BUG #19519: REPACK can fail due to missing chunk for toast value
The following bug has been logged on the website:
Bug reference: 19519
Logged by: Alexander Lakhin
Email address: exclusion@gmail.com
PostgreSQL version: 19beta1
Operating system: Ubuntu 24.04
Description:
The following script:
createdb db1
createdb db2
cat << EOF | psql db1
SET default_statistics_target = 1000;
CREATE TABLE t(i int, t text);
INSERT INTO t SELECT 1, g::text FROM generate_series(1, 50000) g;
ANALYZE t;
EOF
cat << EOF | psql db2 &
BEGIN;
CREATE TABLE t(i int);
SELECT pg_sleep(3);
EOF
sleep 1
cat << EOF | psql db1
DROP TABLE t;
VACUUM pg_toast.pg_toast_2619;
REPACK;
EOF
wait
triggers:
ERROR: missing chunk number 0 for toast value 16393 in pg_toast_2619
Reproduced starting from ac58465e0.
Hi Alexander,
On Sun, Jun 14, 2026 at 10:37 PM PG Bug reporting form <
noreply@postgresql.org> wrote:
The following bug has been logged on the website:
The following script:
createdb db1
createdb db2cat << EOF | psql db1
SET default_statistics_target = 1000;
CREATE TABLE t(i int, t text);
INSERT INTO t SELECT 1, g::text FROM generate_series(1, 50000) g;
ANALYZE t;
EOFcat << EOF | psql db2 &
BEGIN;
CREATE TABLE t(i int);
SELECT pg_sleep(3);
EOFsleep 1
cat << EOF | psql db1
DROP TABLE t;
VACUUM pg_toast.pg_toast_2619;
REPACK;
EOF
waittriggers:
ERROR: missing chunk number 0 for toast value 16393 in pg_toast_2619
Thanks for the report and clean reproducer , I can also reproduce this.
I looked into this. It is not REPACK-specific, it reproduces with
plain VACUUM FULL on back branches too, so it predates
the REPACK command. AFAIU The root cause is a disagreement about
the removal horizon between a table rewrite and an independent vacuum
of that table's TOAST relation.
A rewrite (cluster_rel -> copy_table_data, copy_heap_data) preserves live
and RECENTLY_DEAD tuples, and detoasts a preserved tuple's external
values to move them into the new TOAST table.Its removal cutoff comes
from GetOldestNonRemovableTransactionId(), i.e. ComputeXidHorizons(),
which includes the rewriting backend's own snapshot xmin.

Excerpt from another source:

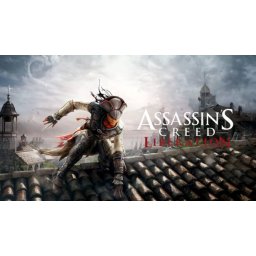 Joc Nintendo Switch Ubisoft Compilation Assassins Creed Rebel & Ac3 Liberation Remaster (code in A Box)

The rewrite holds an ordinary MVCC snapshot (taken so index expressions
can be evaluated) and deliberately does not set PROC_IN_VACUUM. So
The rewrite backend's snapshot xmin is the cluster-wide oldest
running xid, which the db2 transaction pins. Since that backend is
in db1 and lacks PROC_IN_VACUUM, its own xmin folds into the
relation's data/catalog horizon -> OldestXmin sits behind the
DROP, so the dead pg_statistic tuple is RECENTLY_DEAD and gets
copied.
The lazy vacuum of pg_toast_2619 sets PROC_IN_VACUUM, which excludes
its own xmin from the horizon, and the db2 transaction, being in another
database,
does not constrain a non-shared relation's horizon. Its cutoff advances
past the DROP
and the chunks are removed.The two operations thus disagree about the same
tuple,
and the rewrite ends up fetching TOAST the lazy vacuum already reclaimed.
Attached Fix:
The rewrite is simply too conservative,AFAIK it's snapshot is only there to
evaluate index expressions against other relations, and it is not a
reader of the rewritten relation's historical rows, so its own xmin
should not hold back that relation's removal horizon. Excluding it
yields exactly the horizon the lazy vacuum uses.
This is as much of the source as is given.